(Supplied information)

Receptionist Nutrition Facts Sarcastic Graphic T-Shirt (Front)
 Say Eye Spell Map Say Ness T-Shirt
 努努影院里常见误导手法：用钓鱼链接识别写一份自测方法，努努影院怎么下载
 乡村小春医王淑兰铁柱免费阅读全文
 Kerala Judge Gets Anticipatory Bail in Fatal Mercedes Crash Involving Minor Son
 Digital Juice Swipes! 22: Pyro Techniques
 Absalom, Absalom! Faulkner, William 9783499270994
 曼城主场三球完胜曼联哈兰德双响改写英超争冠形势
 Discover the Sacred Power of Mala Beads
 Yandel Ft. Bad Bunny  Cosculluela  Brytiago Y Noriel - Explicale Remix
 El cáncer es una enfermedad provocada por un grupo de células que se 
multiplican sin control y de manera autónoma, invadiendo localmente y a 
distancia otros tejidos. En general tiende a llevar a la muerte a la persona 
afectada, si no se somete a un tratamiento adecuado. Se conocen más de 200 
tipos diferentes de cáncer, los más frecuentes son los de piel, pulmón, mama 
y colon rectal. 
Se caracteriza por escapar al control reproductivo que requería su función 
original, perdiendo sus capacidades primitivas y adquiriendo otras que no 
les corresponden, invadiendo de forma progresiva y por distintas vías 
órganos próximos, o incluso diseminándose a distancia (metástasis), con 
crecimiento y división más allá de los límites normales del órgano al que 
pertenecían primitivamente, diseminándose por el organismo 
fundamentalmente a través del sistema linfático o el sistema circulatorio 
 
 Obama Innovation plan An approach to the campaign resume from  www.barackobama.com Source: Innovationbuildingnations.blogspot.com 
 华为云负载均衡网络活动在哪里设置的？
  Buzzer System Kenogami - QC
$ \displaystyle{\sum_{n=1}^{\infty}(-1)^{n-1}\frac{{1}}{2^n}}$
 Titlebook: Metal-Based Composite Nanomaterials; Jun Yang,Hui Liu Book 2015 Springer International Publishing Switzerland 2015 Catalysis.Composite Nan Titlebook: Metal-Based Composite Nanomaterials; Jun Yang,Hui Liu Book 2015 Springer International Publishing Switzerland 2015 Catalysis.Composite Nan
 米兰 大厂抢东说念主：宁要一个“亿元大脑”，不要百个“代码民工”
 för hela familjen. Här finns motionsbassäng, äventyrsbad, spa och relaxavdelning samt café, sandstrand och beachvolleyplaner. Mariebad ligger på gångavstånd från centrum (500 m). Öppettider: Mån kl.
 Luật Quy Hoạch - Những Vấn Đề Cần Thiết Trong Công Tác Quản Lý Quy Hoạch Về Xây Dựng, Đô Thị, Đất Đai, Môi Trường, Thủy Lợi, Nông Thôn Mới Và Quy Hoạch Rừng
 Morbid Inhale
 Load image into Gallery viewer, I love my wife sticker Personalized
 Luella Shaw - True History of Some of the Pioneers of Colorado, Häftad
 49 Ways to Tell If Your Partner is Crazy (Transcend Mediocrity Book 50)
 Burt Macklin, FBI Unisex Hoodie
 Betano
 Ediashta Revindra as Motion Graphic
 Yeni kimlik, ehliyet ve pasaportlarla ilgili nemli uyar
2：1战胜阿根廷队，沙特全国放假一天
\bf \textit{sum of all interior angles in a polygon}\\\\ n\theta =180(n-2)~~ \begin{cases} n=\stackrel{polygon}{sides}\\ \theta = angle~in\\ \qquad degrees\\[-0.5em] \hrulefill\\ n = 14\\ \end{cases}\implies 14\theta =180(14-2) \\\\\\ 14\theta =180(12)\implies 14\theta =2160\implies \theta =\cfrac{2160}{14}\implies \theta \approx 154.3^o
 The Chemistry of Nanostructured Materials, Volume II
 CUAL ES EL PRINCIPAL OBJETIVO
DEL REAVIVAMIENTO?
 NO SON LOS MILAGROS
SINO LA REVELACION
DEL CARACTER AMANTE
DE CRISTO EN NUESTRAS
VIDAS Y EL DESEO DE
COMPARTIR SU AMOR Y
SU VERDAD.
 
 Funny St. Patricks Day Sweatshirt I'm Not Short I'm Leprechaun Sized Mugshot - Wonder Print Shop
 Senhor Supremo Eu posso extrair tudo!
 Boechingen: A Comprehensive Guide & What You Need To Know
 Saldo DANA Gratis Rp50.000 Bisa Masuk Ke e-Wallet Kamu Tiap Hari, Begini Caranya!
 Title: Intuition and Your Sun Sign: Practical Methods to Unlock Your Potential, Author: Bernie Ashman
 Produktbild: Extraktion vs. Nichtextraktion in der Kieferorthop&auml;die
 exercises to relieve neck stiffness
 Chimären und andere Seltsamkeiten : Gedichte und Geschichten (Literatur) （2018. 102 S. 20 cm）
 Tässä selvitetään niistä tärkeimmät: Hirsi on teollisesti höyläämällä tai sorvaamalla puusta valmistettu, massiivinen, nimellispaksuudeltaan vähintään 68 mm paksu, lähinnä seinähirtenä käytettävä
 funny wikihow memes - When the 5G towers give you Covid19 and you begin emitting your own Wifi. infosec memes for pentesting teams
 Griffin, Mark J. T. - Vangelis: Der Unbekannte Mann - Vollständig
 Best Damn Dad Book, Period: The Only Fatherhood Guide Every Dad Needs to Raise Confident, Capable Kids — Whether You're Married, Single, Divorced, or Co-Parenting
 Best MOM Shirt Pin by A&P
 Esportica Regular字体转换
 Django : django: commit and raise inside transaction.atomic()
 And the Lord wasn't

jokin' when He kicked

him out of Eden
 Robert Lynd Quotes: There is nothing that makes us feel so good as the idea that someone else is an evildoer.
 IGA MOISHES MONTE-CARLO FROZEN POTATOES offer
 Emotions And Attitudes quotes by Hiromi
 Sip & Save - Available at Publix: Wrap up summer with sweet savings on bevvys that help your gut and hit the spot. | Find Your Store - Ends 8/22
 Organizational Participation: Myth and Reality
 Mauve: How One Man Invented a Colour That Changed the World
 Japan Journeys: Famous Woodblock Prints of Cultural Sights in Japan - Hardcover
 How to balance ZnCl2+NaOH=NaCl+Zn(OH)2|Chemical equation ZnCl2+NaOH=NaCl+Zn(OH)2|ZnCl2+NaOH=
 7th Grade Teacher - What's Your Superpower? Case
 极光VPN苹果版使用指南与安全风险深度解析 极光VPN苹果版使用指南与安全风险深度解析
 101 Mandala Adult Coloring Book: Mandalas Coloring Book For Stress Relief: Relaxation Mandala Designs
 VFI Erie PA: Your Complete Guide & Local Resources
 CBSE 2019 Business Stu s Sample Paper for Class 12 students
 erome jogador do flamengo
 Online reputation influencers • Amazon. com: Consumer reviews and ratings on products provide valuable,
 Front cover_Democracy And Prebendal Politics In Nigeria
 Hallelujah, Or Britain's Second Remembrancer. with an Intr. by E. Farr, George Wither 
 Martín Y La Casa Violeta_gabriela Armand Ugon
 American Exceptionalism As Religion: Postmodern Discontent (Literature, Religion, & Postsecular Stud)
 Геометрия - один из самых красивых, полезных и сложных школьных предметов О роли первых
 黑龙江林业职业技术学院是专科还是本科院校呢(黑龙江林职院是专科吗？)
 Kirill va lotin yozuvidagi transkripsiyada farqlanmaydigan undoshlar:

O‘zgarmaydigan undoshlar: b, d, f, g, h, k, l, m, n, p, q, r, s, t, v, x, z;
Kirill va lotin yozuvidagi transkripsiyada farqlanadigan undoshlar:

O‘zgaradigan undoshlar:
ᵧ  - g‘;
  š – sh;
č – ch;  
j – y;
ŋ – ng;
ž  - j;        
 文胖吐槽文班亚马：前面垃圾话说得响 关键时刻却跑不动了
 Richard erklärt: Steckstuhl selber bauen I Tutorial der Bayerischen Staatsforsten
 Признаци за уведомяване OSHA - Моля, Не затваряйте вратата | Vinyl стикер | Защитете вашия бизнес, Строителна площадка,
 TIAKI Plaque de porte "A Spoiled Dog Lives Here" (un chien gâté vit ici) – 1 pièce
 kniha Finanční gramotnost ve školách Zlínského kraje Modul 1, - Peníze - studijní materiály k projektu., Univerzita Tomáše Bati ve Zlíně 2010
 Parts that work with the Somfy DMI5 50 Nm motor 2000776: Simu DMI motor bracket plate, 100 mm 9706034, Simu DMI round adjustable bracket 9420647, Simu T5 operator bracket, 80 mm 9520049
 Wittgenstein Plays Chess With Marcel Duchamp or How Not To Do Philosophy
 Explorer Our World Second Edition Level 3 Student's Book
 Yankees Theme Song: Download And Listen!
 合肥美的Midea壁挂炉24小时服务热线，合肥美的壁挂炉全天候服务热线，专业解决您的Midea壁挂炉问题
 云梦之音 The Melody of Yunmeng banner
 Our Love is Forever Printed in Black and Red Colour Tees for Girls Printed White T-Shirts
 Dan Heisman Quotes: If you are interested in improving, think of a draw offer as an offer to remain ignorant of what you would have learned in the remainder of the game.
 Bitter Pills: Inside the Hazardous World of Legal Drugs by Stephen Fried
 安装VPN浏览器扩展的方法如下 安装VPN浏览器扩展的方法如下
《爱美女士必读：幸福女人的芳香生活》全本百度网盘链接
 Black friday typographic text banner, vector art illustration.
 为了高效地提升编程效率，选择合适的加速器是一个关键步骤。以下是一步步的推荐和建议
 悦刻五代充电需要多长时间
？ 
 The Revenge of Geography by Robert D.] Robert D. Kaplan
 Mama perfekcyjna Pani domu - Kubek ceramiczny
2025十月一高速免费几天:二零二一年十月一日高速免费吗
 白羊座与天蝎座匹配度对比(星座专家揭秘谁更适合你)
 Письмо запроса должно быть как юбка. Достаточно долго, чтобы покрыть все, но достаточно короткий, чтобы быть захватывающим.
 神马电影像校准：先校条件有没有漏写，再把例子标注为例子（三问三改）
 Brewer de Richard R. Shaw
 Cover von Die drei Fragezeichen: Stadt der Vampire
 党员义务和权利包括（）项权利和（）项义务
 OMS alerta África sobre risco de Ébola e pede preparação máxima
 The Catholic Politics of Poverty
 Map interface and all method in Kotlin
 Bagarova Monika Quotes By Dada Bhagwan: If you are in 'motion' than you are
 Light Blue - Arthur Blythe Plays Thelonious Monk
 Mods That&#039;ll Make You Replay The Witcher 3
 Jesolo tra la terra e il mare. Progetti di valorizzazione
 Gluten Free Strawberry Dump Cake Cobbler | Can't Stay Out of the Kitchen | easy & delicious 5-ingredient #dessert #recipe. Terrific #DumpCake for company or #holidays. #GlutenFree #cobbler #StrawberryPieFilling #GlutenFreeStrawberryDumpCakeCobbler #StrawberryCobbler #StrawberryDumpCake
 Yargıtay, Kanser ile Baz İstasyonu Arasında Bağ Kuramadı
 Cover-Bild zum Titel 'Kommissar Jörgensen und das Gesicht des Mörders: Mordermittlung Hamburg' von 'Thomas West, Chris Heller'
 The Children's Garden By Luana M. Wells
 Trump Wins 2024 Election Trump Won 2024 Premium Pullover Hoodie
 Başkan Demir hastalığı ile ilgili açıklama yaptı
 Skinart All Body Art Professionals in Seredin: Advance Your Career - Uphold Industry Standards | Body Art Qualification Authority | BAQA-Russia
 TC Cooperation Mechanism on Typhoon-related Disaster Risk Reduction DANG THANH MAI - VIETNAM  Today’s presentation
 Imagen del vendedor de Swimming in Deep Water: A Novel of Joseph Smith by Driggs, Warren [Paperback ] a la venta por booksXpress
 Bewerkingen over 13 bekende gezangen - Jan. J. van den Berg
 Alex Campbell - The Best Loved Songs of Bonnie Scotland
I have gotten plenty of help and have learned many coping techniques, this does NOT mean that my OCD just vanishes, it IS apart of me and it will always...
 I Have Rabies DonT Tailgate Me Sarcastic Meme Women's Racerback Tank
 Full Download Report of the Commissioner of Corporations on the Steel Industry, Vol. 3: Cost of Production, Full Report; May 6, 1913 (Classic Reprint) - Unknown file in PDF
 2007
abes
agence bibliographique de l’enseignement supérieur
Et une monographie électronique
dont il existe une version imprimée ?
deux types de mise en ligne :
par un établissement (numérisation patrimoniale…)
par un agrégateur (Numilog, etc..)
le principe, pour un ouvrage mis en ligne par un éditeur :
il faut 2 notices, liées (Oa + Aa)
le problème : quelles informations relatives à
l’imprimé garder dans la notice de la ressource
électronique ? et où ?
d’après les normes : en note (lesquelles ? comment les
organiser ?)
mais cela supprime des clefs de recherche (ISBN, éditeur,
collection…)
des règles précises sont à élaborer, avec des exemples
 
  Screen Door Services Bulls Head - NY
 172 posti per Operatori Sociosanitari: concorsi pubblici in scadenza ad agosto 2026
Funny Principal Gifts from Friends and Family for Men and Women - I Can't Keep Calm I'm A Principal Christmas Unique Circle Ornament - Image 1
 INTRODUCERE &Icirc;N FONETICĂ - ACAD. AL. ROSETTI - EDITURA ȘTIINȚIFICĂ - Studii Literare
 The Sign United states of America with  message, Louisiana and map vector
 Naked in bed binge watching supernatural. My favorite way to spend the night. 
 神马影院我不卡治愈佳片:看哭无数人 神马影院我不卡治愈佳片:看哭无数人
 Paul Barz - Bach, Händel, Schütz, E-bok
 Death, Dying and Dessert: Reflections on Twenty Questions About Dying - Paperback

(End Supplied information)

What you should do: Of all the entries above, repeat only the lines from the line that has "极光VPN苹果版使用指南与安全风险深度解析 极光VPN苹" to the line that has "CBSE 2019 Business", both lines included, exactly.

Answer below:
 极光VPN苹果版使用指南与安全风险深度解析 极光VPN苹果版使用指南与安全风险深度解析
 101 Mandala Adult Coloring Book: Mandalas Coloring Book For Stress Relief: Relaxation Mandala Designs
 VFI Erie PA: Your Complete Guide & Local Resources
 CBSE 2019 Business Stu s Sample Paper for Class 12 students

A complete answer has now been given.